AIG is in the process of shopping that company, and other assets considered non-core, planning on using the proceeds to help whittle down its huge debt to Uncle Sam, who pumped in billions of dollars of bailout money during the 2008-2009 financial crisis, on the assumption that a collapse of the big insurer would have had disastrous effects upon an already shaky financial industry.

Elsewhere in the financials, a trader said the various 7% bonds of CIT Group, Inc. are "all above par, so it doesn't mean much to me any more."

The New York-based commercial lender's several series of 7% notes due anywhere from 2013 to 2017, issued as part of the exit funding when it emerged from Chapter 11 in late 2009 - had been firming over the last several session on last Thursday's announcement that CIT would redeem $500 million of the 2013 notes, or a little less than a quarter of the $2.1 billion outstanding amount, at a price of 102 on Jan. 31.

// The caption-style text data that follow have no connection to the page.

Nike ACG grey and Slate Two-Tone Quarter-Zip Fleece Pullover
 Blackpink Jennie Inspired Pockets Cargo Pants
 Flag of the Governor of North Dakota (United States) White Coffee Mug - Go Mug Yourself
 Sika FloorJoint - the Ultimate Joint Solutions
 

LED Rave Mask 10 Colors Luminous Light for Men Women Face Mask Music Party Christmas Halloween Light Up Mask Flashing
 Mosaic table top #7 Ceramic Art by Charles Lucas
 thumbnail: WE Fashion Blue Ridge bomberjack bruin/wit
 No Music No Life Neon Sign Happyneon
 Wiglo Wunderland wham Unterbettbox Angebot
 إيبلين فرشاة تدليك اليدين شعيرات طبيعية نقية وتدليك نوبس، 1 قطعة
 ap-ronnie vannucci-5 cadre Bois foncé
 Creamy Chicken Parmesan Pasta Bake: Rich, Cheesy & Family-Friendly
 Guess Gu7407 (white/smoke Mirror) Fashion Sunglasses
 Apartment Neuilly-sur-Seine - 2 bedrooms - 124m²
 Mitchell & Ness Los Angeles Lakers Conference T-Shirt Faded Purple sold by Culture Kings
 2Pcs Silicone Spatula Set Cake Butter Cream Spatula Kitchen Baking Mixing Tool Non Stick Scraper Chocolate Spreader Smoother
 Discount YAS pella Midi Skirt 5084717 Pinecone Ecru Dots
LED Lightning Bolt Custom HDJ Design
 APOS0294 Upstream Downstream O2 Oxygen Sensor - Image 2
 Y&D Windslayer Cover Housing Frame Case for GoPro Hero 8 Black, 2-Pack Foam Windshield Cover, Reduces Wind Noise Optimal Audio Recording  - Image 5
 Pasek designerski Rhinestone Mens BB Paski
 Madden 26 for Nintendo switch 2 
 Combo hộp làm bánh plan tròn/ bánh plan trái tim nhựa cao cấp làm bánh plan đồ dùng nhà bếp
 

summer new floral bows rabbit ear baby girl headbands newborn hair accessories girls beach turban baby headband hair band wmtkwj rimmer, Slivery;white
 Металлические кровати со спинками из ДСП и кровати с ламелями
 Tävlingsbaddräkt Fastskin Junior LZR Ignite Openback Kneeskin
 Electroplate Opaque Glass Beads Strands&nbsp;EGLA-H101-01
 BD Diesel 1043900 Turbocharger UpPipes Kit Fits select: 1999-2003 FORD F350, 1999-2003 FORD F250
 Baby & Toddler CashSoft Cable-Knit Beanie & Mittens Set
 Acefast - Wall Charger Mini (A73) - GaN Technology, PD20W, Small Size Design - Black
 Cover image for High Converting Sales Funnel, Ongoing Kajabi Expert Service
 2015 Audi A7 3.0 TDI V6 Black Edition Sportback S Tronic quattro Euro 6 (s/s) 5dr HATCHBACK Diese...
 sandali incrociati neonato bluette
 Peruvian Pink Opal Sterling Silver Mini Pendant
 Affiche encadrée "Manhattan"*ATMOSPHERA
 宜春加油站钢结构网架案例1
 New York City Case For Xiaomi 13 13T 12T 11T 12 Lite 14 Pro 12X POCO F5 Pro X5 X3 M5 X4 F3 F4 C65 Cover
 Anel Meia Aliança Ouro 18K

Autos spin wheels after gains

In the autosphere, a trader said that Motors Liquidation Co.'s benchmark 8 3/8% bonds due 2033 - which had firmed solidly in Tuesday's dealings after affiliated carmaker General Motors reported strong year-over-year sales gains for December and for all of 2010 - were trading around 36 bid, 37½ offered, which he called unchanged on "not a lot of activity."

A second trader said that while the bonds issued by the former GM "were definitely up [Tuesday] on the higher sales figures, they were unchanged on Wednesday in a 35 to 36 zone, "all of them."

He meantime saw Ford Motor Co.'s bonds, which had also firmed on Tuesday on better sales numbers for the Number-Two domestic car maker, also unchanged, with its 7% notes due 2015 at 108 bid.

Yet another trader saw Ford's 7.45% bonds due 2031 unchanged at 107½ bid, 108½ offered, while seeing the GM long bonds at 36½ bid, 37½ offered, likewise steady.

Paper parade continues

A trader said that Catalyst Paper Corp.'s bonds moved up, with the Richmond, B.C.-based paper manufacturer's 11% senior secured notes due 2016 up 1 point on the day to around 97½ bid, 98½ offered.

He saw its 7 3/8% notes due 2014 trading between 78 and 80, with "not much trades there."

Catalyst, he said, "has moved up steadily over the last couple of days."

He meantime saw Catalyst sector peer NewPage Corp.'s 11 3/8% senior secured notes due 2014 around the same 951/2-96 bid range where the Miamisburg, Ohio-based coated-paper manufacturer's bonds had already been, labeling them unchanged on the day.

OPTI Canada active

A trader said that OPTI Canada's bonds remained pretty much within their recent ranges seeing the Calgary, Alta.-based oil-sands energy company's 7 7/8% senior secured notes due 2014 staying around a 711/2-72½ range, on "some trades today, but not much."

He also saw the company's 8¼% notes due 2014 saw "a lot more activity," ending at 72¼ bid, 72¾ offered, which he called unchanged to down ½ point.

At another desk, a market source said the latter bonds were ending at 72 13/16 bid, which he called a loss of 11/16 on the session.

However, another market source, while quoting the bonds ending at 72½ bid, called that up nearly a point on a strictly round-lot basis. He noted that large-block activity in the credit was brisk, with over $27 million having changed hands by the end of the day, putting the OPTI issue onto the high yield most-actives list.

A&P mostly inactive

A trader said that he "didn't see much of" Great Atlantic & Pacific Tea Co.'s bonds during Wednesday's session.

He said that its 5 1/8% convertible notes slated to come due on June 15 and its 6¾% converts due 2012 were just "hanging around" 33 bid, 35 offered, levels which he called unchanged. Despite their convertible status, those two issues trade at low levels typical of plain old senior unsecured junk bonds because the underlying stock of the bankrupt Montrose, N.J.-based supermarket operator is considered all but worthless in a restructuring scenario.

He meantime saw the company's 11 3/8% senior secured notes due 2015 at 92 bid, 94 offered, "pretty much where I'd had them" previously. He said there was "not much" activity in either the 11 3/8s or the converts on Wednesday.